TMEM65 promotes gastric tumorigenesis by targeting YWHAZ to activate PI3K-Akt-mTOR pathway and is a therapeutic target

Abstract

Copy number alterations are crucial for the development of gastric cancer (GC). Here, we identified Transmembrane Protein 65 (TMEM65) amplification by genomic hybridization microarray to profile copy-number variations in GC. TMEM65 mRNA level was significantly up-regulated in GC compared to adjacent normal tissues, and was positively associated with TMEM65 amplification. High TMEM65 expression or DNA copy number predicts poor prognosis (P < 0.05) in GC. Furtherly, GC patients with TMEM65 amplification (n = 129) or overexpression (n = 78) significantly associated with shortened survival. Ectopic expression of TMEM65 significantly promoted cell proliferation, cell cycle progression and cell migration/invasion ability, but inhibited apoptosis (all P < 0.05). Conversely, silencing of TMEM65 in GC cells showed opposite abilities on cell function in vitro and suppressed tumor growth and lung metastasis in vivo (all P < 0.01). Moreover, TMEM65 depletion by VNP-encapsulated TMEM65-siRNA significantly suppressed tumor growth in subcutaneous xenograft model. Mechanistically, TMEM65 exerted oncogenic effects through activating PI3K-Akt-mTOR signaling pathway, as evidenced of increased expression of key regulators (p-Akt, p-GSK-3β, p-mTOR) by Western blot. YWHAZ (Tyrosine 3-Monooxygenase/Tryptophan 5-Monooxygenase) was identified as a direct downstream effector of TMEM65. Direct binding of TMEM65 with YWHAZ in the cytoplasm inhibited ubiquitin-mediated degradation of YWHAZ. Moreover, oncogenic effect of TMEM65 was partly dependent on YWHAZ. In conclusion, TMEM65 promotes gastric tumorigenesis by activating PI3K-Akt-mTOR signaling via cooperating with YWHAZ. TMEM65 overexpression may serve as an independent new biomarker and is a therapeutic target in GC.

Fig. 1. TMEM65 is upregulated in GC patients and predicts poor survival.

A TMEM65 mRNA expression was upregulated in GC tissues as compared with normal tissues in cohort I and TCGA cohort, and furtherly confirmed in paired GC tumor tissues from cohort I. B TMEM65 mRNA expression was upregulated in GC compared with paired adjacent normal tissues, as shown by regular RT-PCR, and TMEM65 protein expression was upregulated in GC tumor tissues than that in adjacent normal tissues as determined by IHC. C Kaplan–Meier survival analysis from cohort I showed GC patients with high TMEM65 expression had poorer survival.
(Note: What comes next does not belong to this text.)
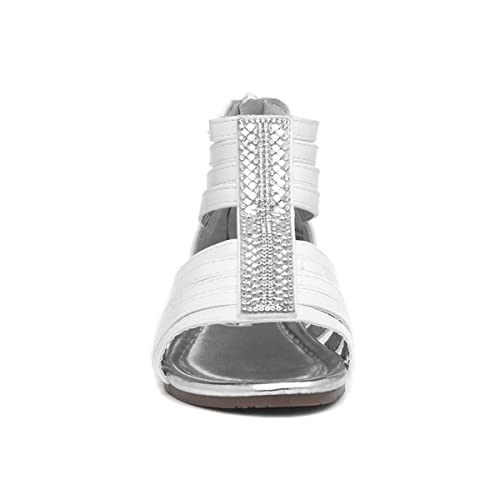 Lilley Girls White Strappy Diamante Sandal - Size 12 Child UK - White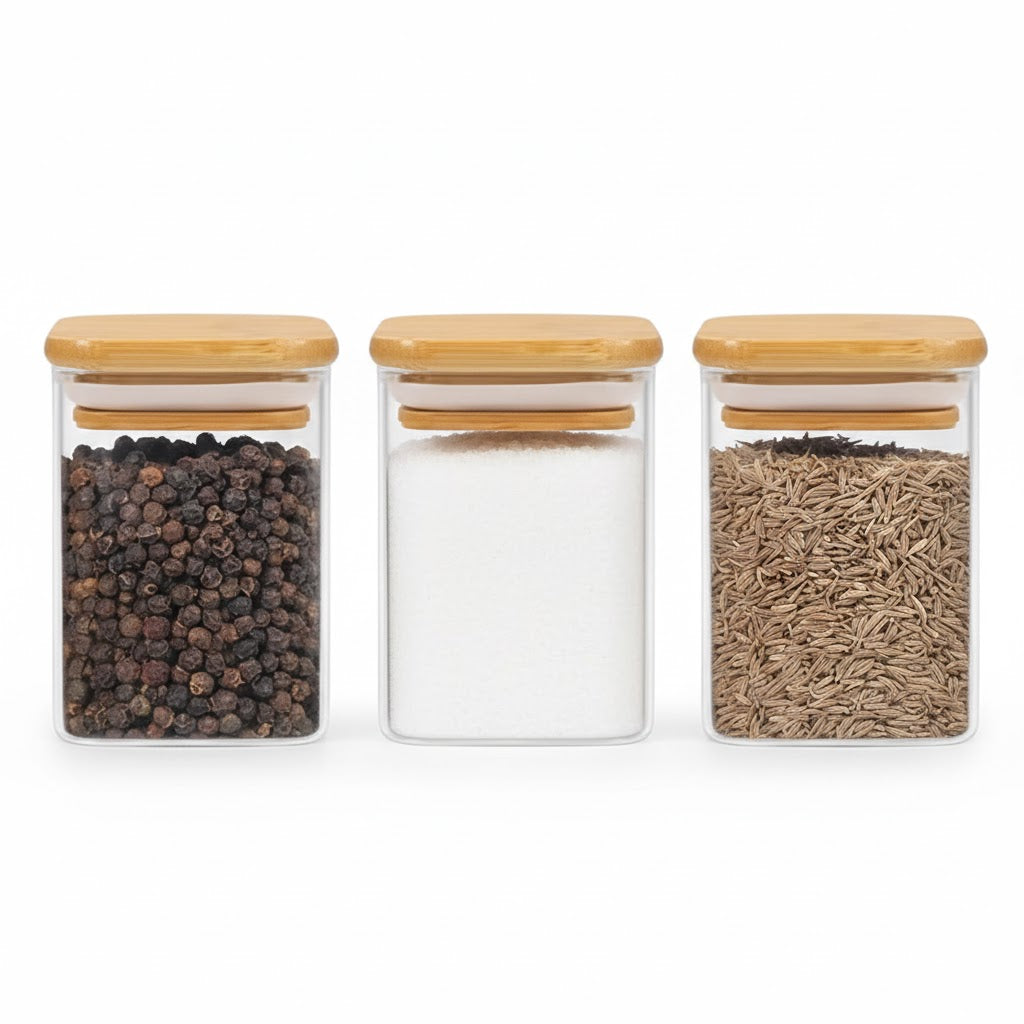 Premium Square Glass Spice Jar Set with Wooden Lid | 320 ML Airtight Kitchen Storage Container for Masala, Herbs & Dry Fruits( Set of 6)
Kaplan–Meier survival analysis from TCGA cohort showed that GC patients with high TMEM65 expression (all stage, stage III-IV) had poorer survival compared with GC patients with low TMEM65 expression. D TCGA cohort showed a positive correlation between DNA copy number and TMEM65 mRNA expression level. E Kaplan–Meier survival analysis from cohort II showed GC patients with high TMEM65 DNA copy number had poorer survival than those with low TMEM65 DNA copy number.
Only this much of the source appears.